Общую схему образного ритма можно представить так – сначала дается описание, а на втором плане вырисовывается сам поэт – спокойный, ироничный, понимающий двусмысленность своего положения, положения отчасти пленника, поскольку он находится в сомнительной роли частного лица в действующей армии (как позже Пьер Безухов у Льва Толстого). Он отказывается, с одной стороны, воспевать военные достижения героев в духе одической поэзии XVIII века, с другой – принимать позу романтической отрешенности от мира. В Арзруме турки говорят Пушкину: «поэт – брат дервишу». Потом Пушкин видит «… молодого человека, полунагого, в бараньей шапке… Мне сказали, что это был брат мой, дервиш, пришедший приветствовать победителей»[236]
.Ирония этого описания навеяна не только тем, что поэта перед этим сравнивали с дервишем, но и тем, что самого Пушкина уговаривали воспевать победы Паскевича. Уже после публикации первых набросков «Путешествия» Ф. Булгарин в «Северной пчеле» от 22 марта 1830 года писал: «Мы думали, что великие события на Востоке, удивившие мир и стяжавшие России уважение всех просвещенных народов, возбудят гений наших поэтов, – и мы ошиблись»[237]
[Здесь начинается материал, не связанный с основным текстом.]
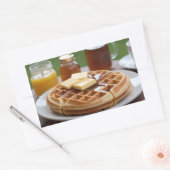 Wafels Rechthoekige Sticker (Envelop)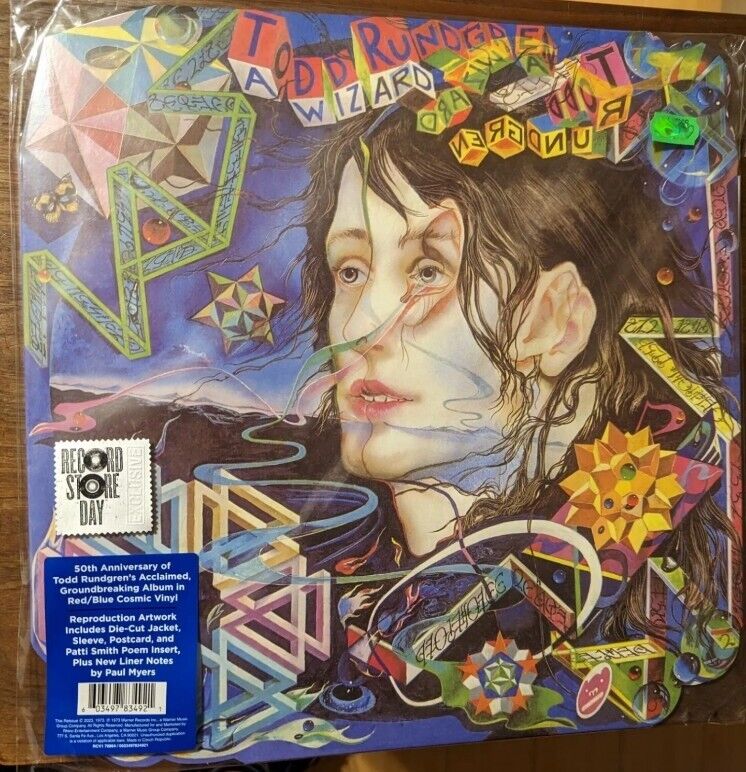 Todd Rundgren A Wizard A True Star LP DIE CUT COVER COSMIC COLOR Vinyl RSD 2023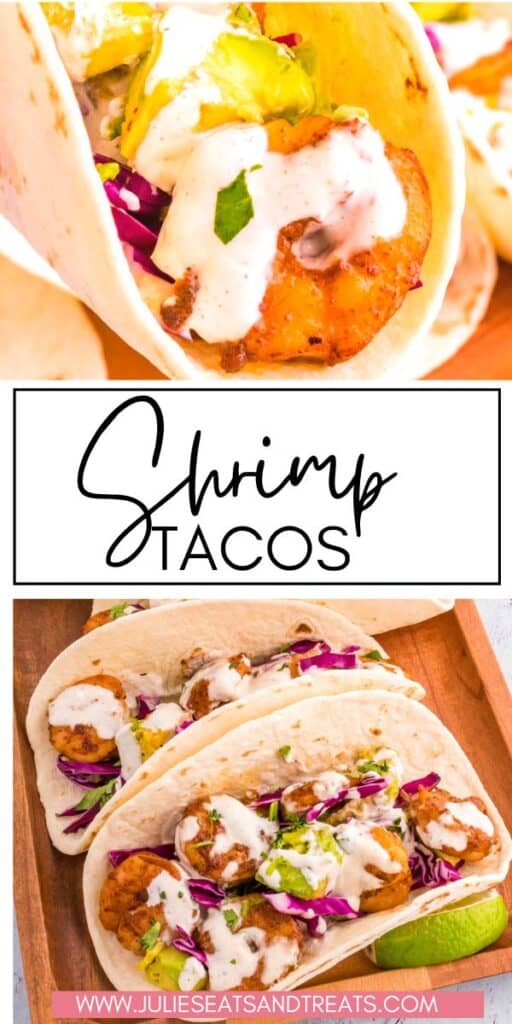 Shrimp Tacos JET Pinterest Image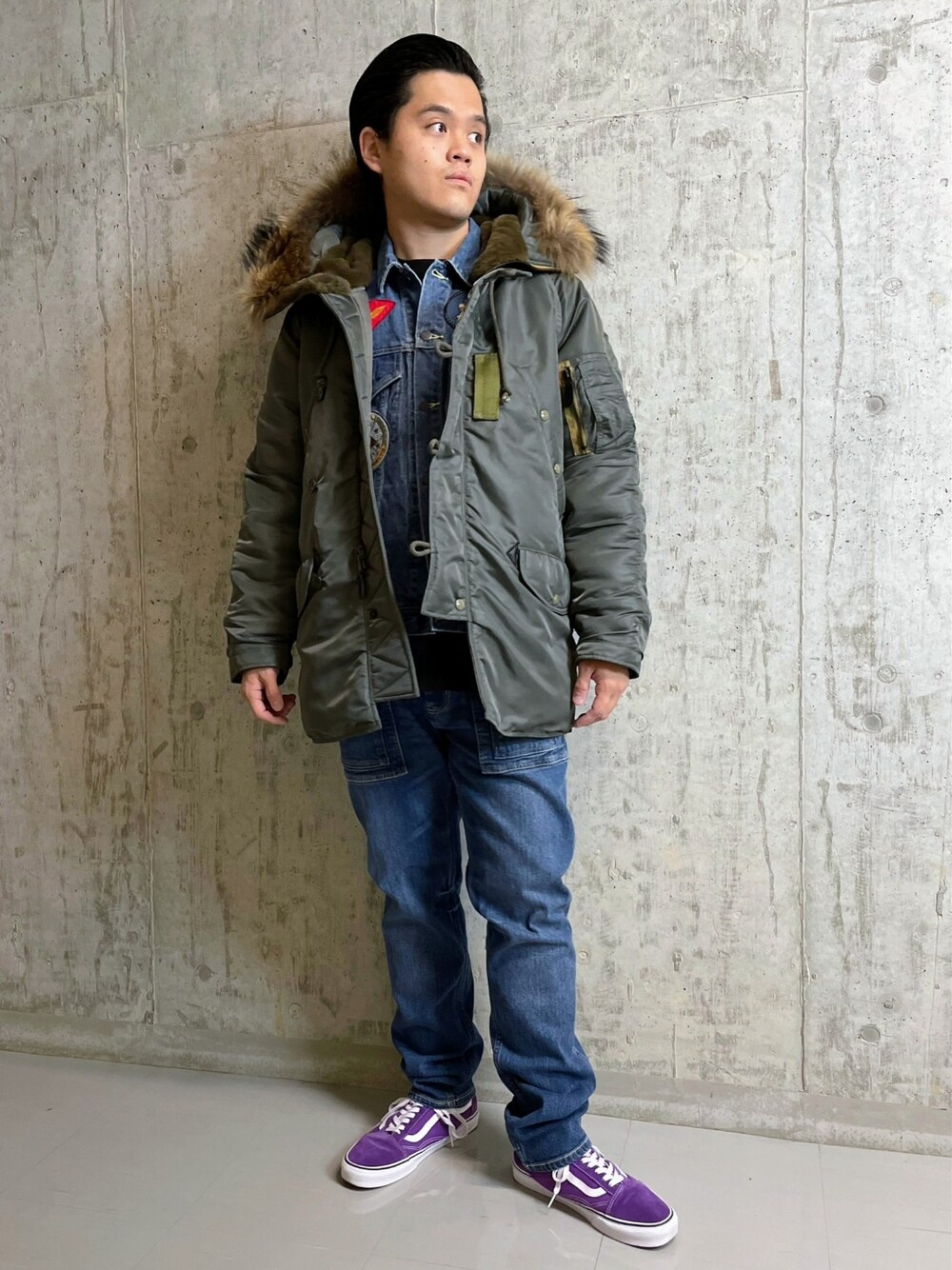 ジャケット・アウター AVIREX TYPE BLUE DENIM MA-1 トップガン デニムジャケット/TOP GUN DENIM JACKET/TYPE BLUE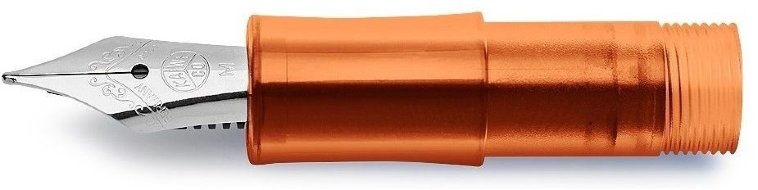 Перо ICE M 0.9мм стальное оранжевый прозрачный корпус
.«Путешествие в Арзрум» своей реалистической основой оказало влияние на изображение войны Л.Н. Толстым в «Войне и мире», на создание таких хождений XX века, как «Путешествие в Армению» О.Э. Мандельштама и «Путешествие на Афон» Б.К. Зайцева. Опыт путешествий позволил Пушкину в «Путешествие в Арзрум» пророчески понять, а поняв, сделать материалом для художественного отображения в приписанном им янычару Амин-Оглу стихотворении «Стамбул гяуры нынче славят…» процесс, назревавший в Оттоманской империи и лишь в дальнейшем, вплоть до наших дней, развернувшийся в тех самых формах, какие предвидел Пушкин.